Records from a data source

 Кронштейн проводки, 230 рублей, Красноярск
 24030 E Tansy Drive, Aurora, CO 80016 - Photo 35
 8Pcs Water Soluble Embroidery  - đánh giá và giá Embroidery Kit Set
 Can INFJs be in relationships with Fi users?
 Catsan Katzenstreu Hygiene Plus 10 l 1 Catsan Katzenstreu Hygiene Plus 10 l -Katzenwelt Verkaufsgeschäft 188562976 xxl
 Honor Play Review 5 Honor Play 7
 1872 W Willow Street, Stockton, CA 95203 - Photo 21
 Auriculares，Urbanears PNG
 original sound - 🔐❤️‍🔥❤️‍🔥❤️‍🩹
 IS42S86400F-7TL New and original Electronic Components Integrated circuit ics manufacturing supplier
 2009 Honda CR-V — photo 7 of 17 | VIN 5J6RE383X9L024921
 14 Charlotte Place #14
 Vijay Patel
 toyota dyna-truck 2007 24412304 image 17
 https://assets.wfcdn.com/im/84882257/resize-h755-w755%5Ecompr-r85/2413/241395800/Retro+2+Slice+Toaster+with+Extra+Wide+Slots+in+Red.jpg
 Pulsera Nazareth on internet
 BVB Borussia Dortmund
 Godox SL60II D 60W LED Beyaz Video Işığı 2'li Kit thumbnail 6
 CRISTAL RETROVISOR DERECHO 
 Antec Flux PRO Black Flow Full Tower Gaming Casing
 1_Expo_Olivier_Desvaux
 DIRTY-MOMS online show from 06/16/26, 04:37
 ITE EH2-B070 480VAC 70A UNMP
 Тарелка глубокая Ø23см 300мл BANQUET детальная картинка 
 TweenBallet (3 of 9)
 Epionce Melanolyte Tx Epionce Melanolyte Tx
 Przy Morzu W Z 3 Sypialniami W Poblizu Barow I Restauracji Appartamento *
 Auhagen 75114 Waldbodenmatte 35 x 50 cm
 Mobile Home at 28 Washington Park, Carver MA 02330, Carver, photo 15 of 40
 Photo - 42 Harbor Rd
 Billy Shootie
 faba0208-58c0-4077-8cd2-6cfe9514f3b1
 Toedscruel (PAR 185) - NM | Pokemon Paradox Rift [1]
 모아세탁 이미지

Work request ::
Set down, word for word, every line from the line that holds "Toedscruel (PAR 185)" to the end of the entries above, including both ends.

Your response ::
 Toedscruel (PAR 185) - NM | Pokemon Paradox Rift [1]
 모아세탁 이미지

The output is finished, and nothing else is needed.